It took a while, but a significant chapter in that larger project has been completed. Three sites on Broadway at or near Market street have been sold and redeveloped. Between Salem Cinema, the Broadway Coffeeshop and Commons building, and other businesses, the district is beginning to hop!
With these three large parcels being developed, one of the problems is traffic and the encroachment of parking onto neighborhoods that were developed without attached garages and whose residents depend on on-street parking.
Earlier this year the City applied for two Transportation and Growth Management grants. The Edgewater one was not awarded, but the City did win a grant for the North Downtown study.
TGM grants take a while, and there's a bit of a dance between the State and the grantee as they decide exactly what the scope of the project and deliverables will be. So it may be some time before we learn what exactly the study will entail.
Ostensibly it is a parking study. A car parking study. But the goal should be not to figure out how to pack more cars in the neighborhood, but to figure out how to get more people into the district. And a large part of that should be developing ways to make it easier so people feel they have a realistic choice to walk or bike.
Mobility Choice
The Broadway Commons building has some of the best bike parking in Salem. It is also easily accessed from the side street.
This, and not a parking garage, or expanses of surface parking lots, should be central image of the study. Making it easy and comfortable for people to feel like they have a broad range of choices, a robust toolbox of transportation tools, should be the goal. Sometimes you need a pickup to access the storage unit across from Boon's, other times you just want to walk for a cup of coffee.
Choice, it's all about having a real menu of choices.
The North Downtown Plan from 1997 is interesting, if wonky, reading.

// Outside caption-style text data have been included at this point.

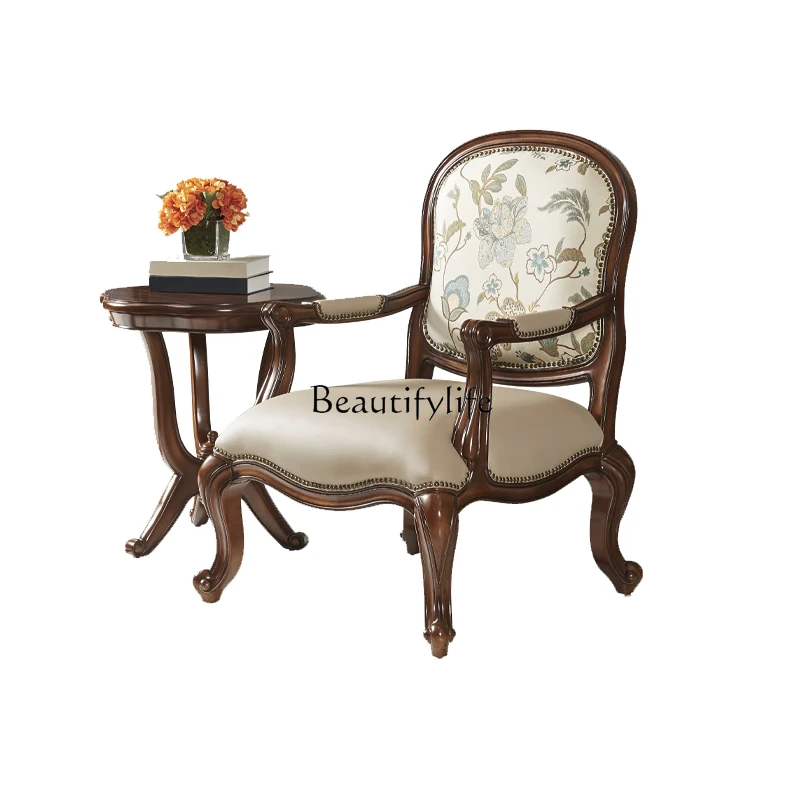 

American-style Small Apartment Bedroom Sofa Chair Solid Wood Genuine Leather Tiger Chair Living Room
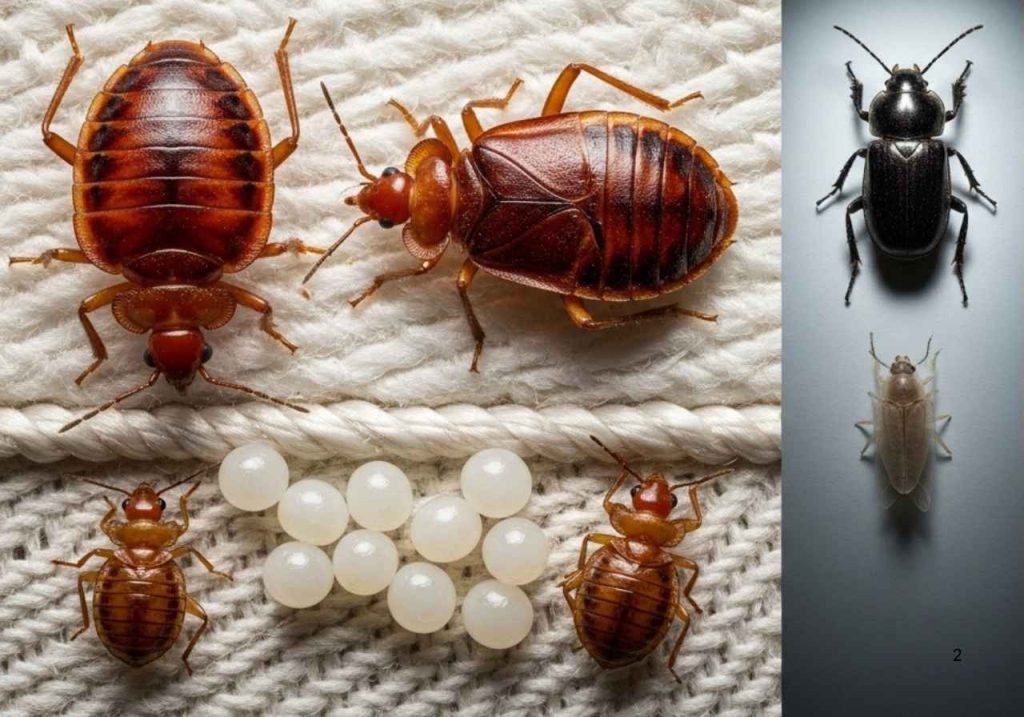 Close-up of adult bed bugs, eggs, nymphs, and common lookalike insects on a fabric surface.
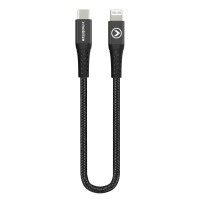 Mobilize Strong Nylon USB-C naar Apple Lightning 60W oplaadkabel 20 centimeter - Zwart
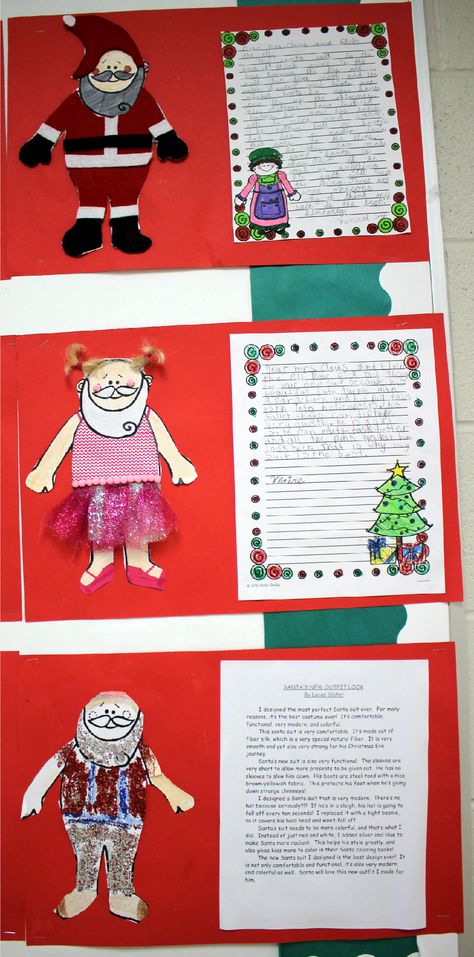 Fourth graders came up with updates to Santa's suit, and they wrote about why they chose their unique designs. Santa never looked so hip! New Suit For Santa School Project, December Kindergarten, Christmas In The Classroom, School Project Ideas, School Prep, Santa Art, Beginning Of Year, Santa Suits, Prep School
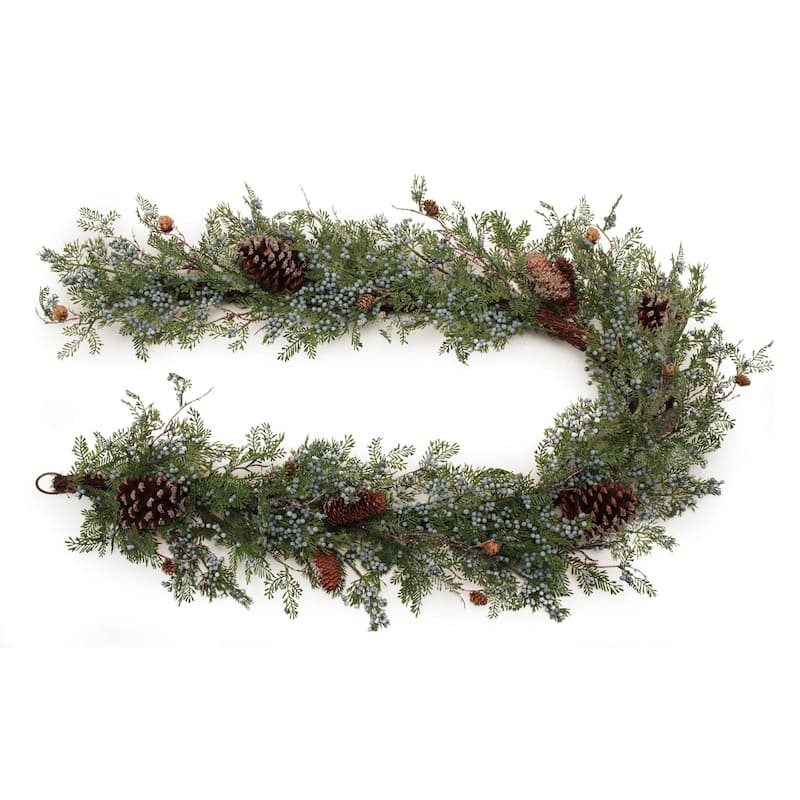 Mixed Juniper and Pinecone Garland 72" Rustic Green Brown Woodland Holiday Decor with Wired Branches - 72”L x 10.5”W x 6.25”H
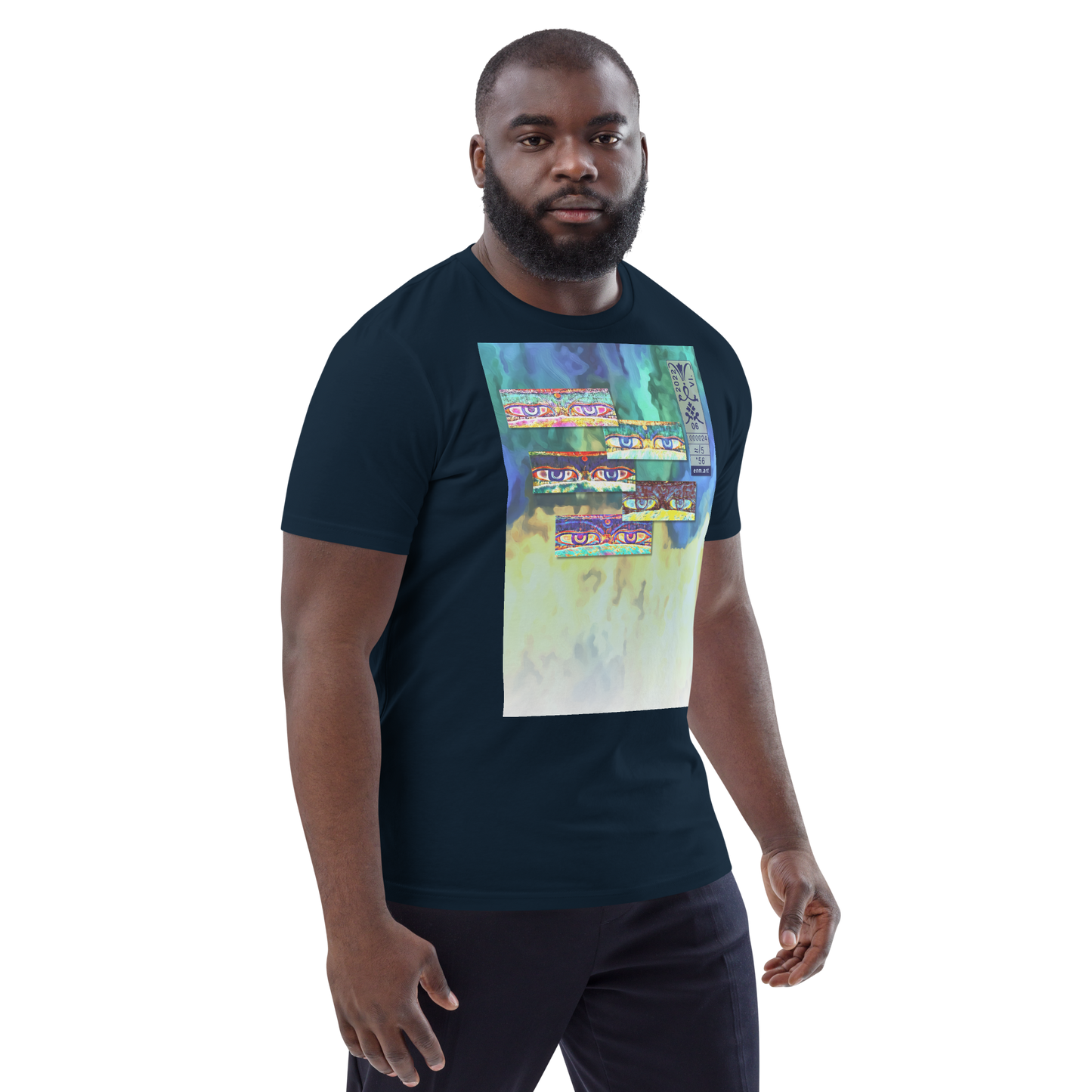 Unisex white organic cotton t-shirt 'Just Seeing (thumb)' artist-authorised edition of original artwork by Enmempin N. Midelobo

The section on transportation and parking is limited. Though it moves in the direction of a walkable streetscape, it mostly takes for granted that people will be driving cars, with other travel choices an afterthought. Its priority is more cars, not making it easier for people to feel they have a choice:
Based on current growth projections, traffic volumes on several major arterials approaching the stucy area are expected to increase by 20-40 percent over the next twenty years. [projects to accomodate this increase] may conflict with bicycle and pedestrian activity along the corridor.The page on grocery stores shows just how dramatically things have changed in 15 years:
[T]here is a small but emerging trend of smaller grocery stores coming back into inner-city locations. Zupan's, a Vancouver, Washington specialty grocer, is developing stores in the 12,000 to 20,000 square foot range in selected inner-city neighborhoods. Nature's, an environmentlly supportive "green grocer" has similar grocery outlets around the Portland metropolitan area approximately the same size as the stores being developed by Zupan's.Nature's has become part of Whole Foods, and several of the original Nature's team created New Seasons. This summer Salem will get its first Trader Joe's store.
Grocery Outlet is also in the neighborhood. It's important that the area not totally gentrify, and a good move would be to make it easier to walk and bike to Grocery Outlet.